Кудеяр - страница 4



– И до тех пор то дело не станется, – сказал Вишневецкий, – пока одно какое-нибудь христианское царство без помощи иных турка не побьет. Вот, как мы Крым отнимем, все тогда скажут: бусурман не так могуч, как мы думали. Тотчас веницейская Речь Посполитая пошлет свои каторги на Беломорье, и цезарь пристанет, и мултане, и волохи[8] поднимутся, и перский царь пойдет на турка для того, что он ему старинный ворог; а вы знаете, как недругу в чем неудача станется, так все, что прежде его боялись, кинутся на него. Вот только с ливонскими немцами надобно нам замириться, оттого что через то творится рознь в христианстве, а бусурмане тешатся.

– Ливонские немцы согрубили нашему государю, – сказал Адашев, – и наш государь на них за то послал свои рати, и многие города нам покорились. Пусть бьют челом нашему государю, а то вот они мира с нами не хотят, мейстер идет на наши города.

– Слух есть, – сказал Вишневецкий, – быть может, недруги вымышляют, будто московские люди в Ливонской земле поступали не по-христиански, людей мирных убивали, жен бесчестили, младенцев живота лишали; а в немецком языке книжки такие надрукованы, где описывается, как московские люди немецких людей мучат, и приложены рисунки тому, и то Московскому государству не в честь.

– Мало чего не пишут, – возразил Алексей Адашев.

– И мало чего на войне не приключается, – добавил Данило Адашев. – Коли делалось такое, так от татар, а не от наших.

– Прошлого года, – сказал Курбский, – я сам побил их многажды, и начальных людей их пленил, и не токмо не велел никого мучить, а приказал кормить и одевать и начальных людей к столу звал. А которые там простые люди, чухна и лотыгола, те немцев не любят сами и у нашего государя в подданстве быть хотят, и мы, воеводы, нашему государю даем совет, чтоб тамошних обывателей ласкать и льготы им давать, а не то чтобы жестокостью отгонять их от себя. Ныне же, ради общего христианского дела, войны с неверными, мы будем царю подавать совет замириться с ливонскими немцами, лишь бы только они побили челом о мире. А ты, князь Димитрий Иванович, как думаешь, нам идти на Крым и в кое время?
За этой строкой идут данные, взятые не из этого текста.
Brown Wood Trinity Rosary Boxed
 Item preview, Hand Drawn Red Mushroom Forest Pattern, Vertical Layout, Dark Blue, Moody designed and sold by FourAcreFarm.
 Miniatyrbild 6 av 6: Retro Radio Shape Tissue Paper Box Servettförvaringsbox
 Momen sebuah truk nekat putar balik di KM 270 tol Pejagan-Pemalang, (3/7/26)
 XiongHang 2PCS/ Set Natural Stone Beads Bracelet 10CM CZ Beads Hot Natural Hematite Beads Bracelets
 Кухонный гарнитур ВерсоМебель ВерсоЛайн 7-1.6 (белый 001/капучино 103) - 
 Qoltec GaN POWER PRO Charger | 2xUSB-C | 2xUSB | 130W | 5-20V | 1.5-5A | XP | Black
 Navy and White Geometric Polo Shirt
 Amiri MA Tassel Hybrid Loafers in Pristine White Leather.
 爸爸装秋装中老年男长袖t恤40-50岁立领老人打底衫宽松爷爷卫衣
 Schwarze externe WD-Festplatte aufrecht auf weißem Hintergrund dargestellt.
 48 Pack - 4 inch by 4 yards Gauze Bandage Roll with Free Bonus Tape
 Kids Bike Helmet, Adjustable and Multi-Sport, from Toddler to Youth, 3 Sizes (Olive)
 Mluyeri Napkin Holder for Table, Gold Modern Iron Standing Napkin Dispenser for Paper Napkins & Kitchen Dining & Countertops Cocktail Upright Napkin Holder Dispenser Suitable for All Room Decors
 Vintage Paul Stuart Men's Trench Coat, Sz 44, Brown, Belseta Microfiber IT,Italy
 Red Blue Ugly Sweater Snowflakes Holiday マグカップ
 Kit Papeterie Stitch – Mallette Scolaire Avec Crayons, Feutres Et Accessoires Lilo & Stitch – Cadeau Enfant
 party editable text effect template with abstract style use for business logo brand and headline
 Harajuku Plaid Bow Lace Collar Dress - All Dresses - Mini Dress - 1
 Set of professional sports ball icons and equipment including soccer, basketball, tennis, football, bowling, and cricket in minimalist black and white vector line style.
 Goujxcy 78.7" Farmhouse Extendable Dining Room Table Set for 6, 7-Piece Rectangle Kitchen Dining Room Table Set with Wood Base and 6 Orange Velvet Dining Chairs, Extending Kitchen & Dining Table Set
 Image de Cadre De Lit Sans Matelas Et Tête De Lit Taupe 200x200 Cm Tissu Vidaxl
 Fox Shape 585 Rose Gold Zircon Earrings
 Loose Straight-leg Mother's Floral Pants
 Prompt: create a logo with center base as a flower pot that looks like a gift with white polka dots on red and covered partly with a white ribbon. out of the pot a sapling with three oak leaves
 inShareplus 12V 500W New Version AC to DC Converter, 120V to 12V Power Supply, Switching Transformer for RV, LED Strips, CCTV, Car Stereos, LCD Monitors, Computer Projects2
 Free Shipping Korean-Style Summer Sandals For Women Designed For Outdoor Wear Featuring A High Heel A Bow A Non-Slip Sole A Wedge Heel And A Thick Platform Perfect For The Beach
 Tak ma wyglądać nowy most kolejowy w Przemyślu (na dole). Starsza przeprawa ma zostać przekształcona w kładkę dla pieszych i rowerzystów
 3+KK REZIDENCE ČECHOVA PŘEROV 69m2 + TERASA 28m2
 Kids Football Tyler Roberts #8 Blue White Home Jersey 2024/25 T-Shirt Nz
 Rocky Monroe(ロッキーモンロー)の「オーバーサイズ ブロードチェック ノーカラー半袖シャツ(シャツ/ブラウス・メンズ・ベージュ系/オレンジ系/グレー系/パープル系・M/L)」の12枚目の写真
– Прежде всего, – сказал Вишневецкий, – надобно поставить городок на Псле и поделать суда и струги, а с весны послать судовую рать по Днепру на море, до Козлова, а иная судовая рать пошла бы по Дону, на другой крымский берег, к Кафе. А разом послать на Крым черкесских князей, что царскому величеству послушны. А затем надобно однолично, чтоб царь-государь изволил сам выступить с главною ратью так, как он ходил под Казань, а то для того, что как сам царь пойдет; то за ним все смело пойдут; и наши казаки, услыша про царское шествие, все пойдут своими головами.

– А как много у вас казаков будет и какова их сила? – спросил Алексей Адашев.

– И каково их дородство? – спросил Курбский.

– У нас, – сказал Вишневецкий, – пословица есть: где крак, то есть по-вашему куст, там казак, а где байрак, там сто казаков. А какова у них сила бывает, я вам тотчас покажу.

Он обернулся к четырем атаманам и сказал одному из них что-то шепотом.

Вышел атаман, широкоплечий, высокий, смуглый, с черною бородою, с густыми нависшими бровями, с выдавшимися скулами и мрачным, невыносимо унылым выражением глаз. Он схватил одною рукою тяжелое кресло, на котором сидел Алексей Адашев, вместе с ним, высоко приподнял его и бережно поставил на пол.